- [Given data]:
BEGIN
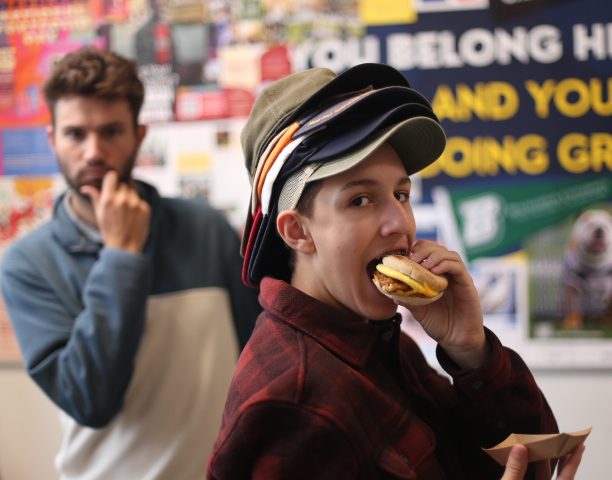 Foster Cardoza stacks multiple hats on his head as he takes a bite out of his breakfast sandwich. Meanwhile, Ryan Silvester secretly poses behind Cardoza. 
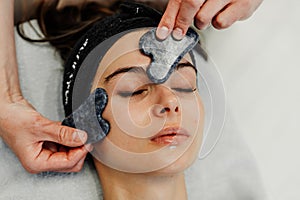 Relaxing facial treatment at a spa with gua sha tools during an afternoon session photo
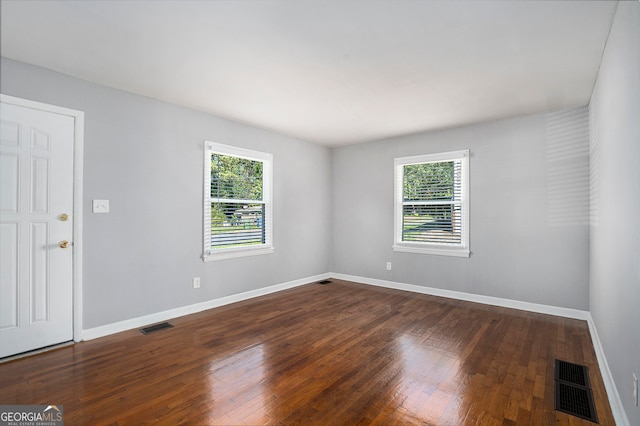 spare room featuring a healthy amount of sunlight and dark hardwood / wood-style flooring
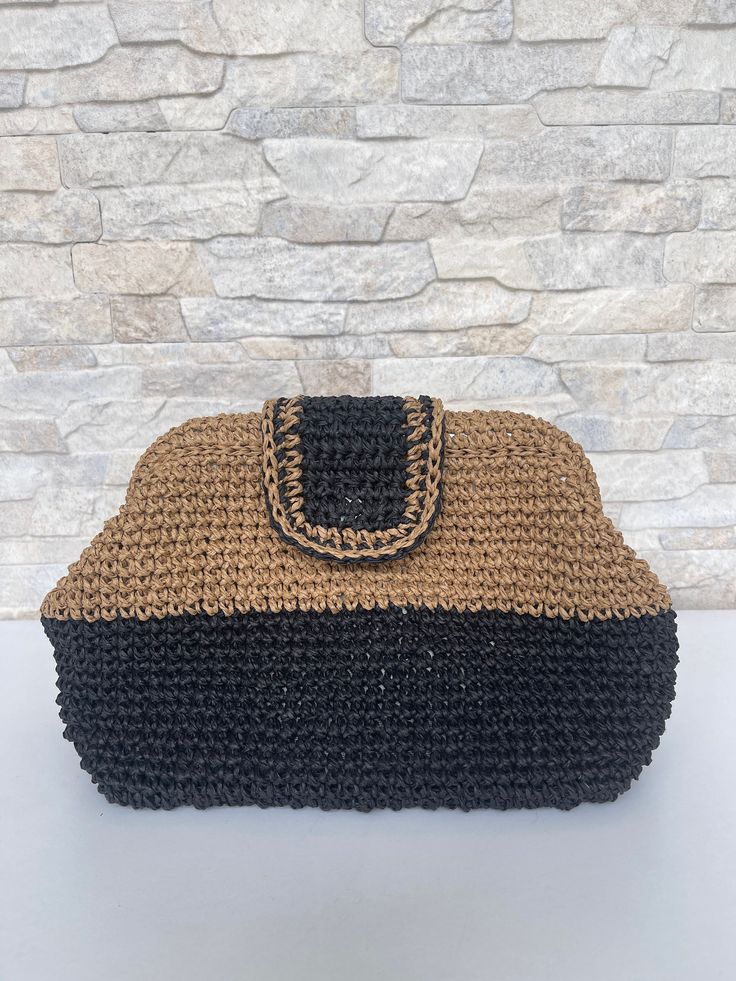 A beautiful handmade black and natural color crochet clutch bag made with natural raffia, lined with cotton fabric inside--closure with metal clips. With this unique and trendy design, our crochet clutch bag is a perfect accessory for any occasion. The clutch's compact size makes it easy to carry and perfect for holding your essentials, such as your phone, keys, and some makeup essentials. Order now and experience the beauty and luxury of our handmade knitted clutch bag! In case of several order Knitted Clutch, Boho Clutch Bag, Hand Knit Bag, Raffia Clutch, Crochet Clutch Bags, Boho Clutch, Knitted Bag, Dumpling Bag, Cloud Bag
END
- [Directions]:
Look through the listing above for the line with "Relaxing facial treatment" and the line with "spare room featuring". Write out exactly those lines and everything between, leaving out pictures.

- [Your solution]:
 Relaxing facial treatment at a spa with gua sha tools during an afternoon session photo
 spare room featuring a healthy amount of sunlight and dark hardwood / wood-style flooring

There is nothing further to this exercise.